Buaya ditempatkan sebagai mitologi kuat di Betawi, tak bisa dipisahkan dari kedung dan kobakan di Jakarta. Buaya dianggap menghuni seluruh kedung dan kobakan diJakarta. Orang Betawi dulu bahkan memberi sesajen dan doa untuk hewan-hewan sungai di kedung dan kobakan.

Hewan sungai sangat dihormati karena simbol roh nenek moyang yang menjaga sumber kehidupan.

“Kalau sumber ini dirusak tak ada lagi harmoni. Ciliwung itu artinya harmoni,” ucap Rizal.

Hingga akhir abad 19, pesisir Jakarta menjadi pusat peradaban dan orientasi hidup masyarakat Betawi. Sejak Daendels membangun jalan raya pos orientasi hidup masyarakat berubah. Air makin tak penting. Kedung dan kobakan makin langka.

Apa hubungan dengan privatisasi air Jakarta? Rizal menyayangkan, putusan pengadilan yang memenangkan gugatan warga tak ada argumentasi soal budaya yang menunjukkan hubungan sungai dengan pantai dan laut dan pengelolaan saat ini.
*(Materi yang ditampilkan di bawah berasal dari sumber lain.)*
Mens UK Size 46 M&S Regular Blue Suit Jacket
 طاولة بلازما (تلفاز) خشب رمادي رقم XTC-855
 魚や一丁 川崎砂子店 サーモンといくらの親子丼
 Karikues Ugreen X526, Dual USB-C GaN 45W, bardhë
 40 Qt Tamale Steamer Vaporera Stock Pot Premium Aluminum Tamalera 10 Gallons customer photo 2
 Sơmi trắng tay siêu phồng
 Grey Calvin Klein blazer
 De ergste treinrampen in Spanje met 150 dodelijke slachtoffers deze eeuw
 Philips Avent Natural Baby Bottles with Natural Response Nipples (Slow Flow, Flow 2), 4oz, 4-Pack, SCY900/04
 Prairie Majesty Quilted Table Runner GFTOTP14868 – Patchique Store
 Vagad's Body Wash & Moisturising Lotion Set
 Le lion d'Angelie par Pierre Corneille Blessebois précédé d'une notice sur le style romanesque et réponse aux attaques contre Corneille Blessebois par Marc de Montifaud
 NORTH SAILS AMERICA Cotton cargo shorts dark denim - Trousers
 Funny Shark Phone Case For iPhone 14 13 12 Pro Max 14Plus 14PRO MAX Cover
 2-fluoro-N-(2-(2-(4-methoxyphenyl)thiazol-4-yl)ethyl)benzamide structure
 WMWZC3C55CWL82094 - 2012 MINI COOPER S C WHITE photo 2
“Di Jakarta, kota paling kasihan sekarang, Di darat nggak bisa lihat sungai, di pesisir nggak bisa lihat laut.”

 

Salah fokus

Prathiwi Widyatmi Putri, Peneliti kota dan infrastruktur menilai, dalam pengelolaan air pemerintah malah sibuk mengurus bagian administrasi, pembagian saham dengan pihak asing, tetapi tak melihat kompleksitas di luar itu. Yakni soal tata ruang, sumber air dan air sebagai sumber kehidupan.

 

Sungai Ciliwung yang memisahkan Jakarta dalam penguasaan dua perusahaan swasta pengelola air Jakarta, Palyja dan Aetra. Foto: Setkab.go.id

 

Sejak dulu, kata Ami, sapaan akrabnya, Indonesia belum punya model pengelolaan air yang baik. Sistem pipanisasi, dengan cakupan pipa sekitar 60% hanya melayani sambungan 800.000 warga.

“Kalau lihat hitungan ekonomi sejak 30 tahun lalu kita menggali sejauh itu tapi pelayanan sedikit sekali.”

Dari penelitiannya, ada dua kelompok di Jakarta yang tak menikmati pelayanan air ini yakni pemukiman elit sangat mahal dan kampung-kampung seperti Marunda dan Marunda Kepu. “Yang satu sama sekali tak terlayani dan menggunakan air sumur dangkal yang sudah tercemar, ada golongan sangat kaya yang mampu membuat sistem pengelolaan air privat.”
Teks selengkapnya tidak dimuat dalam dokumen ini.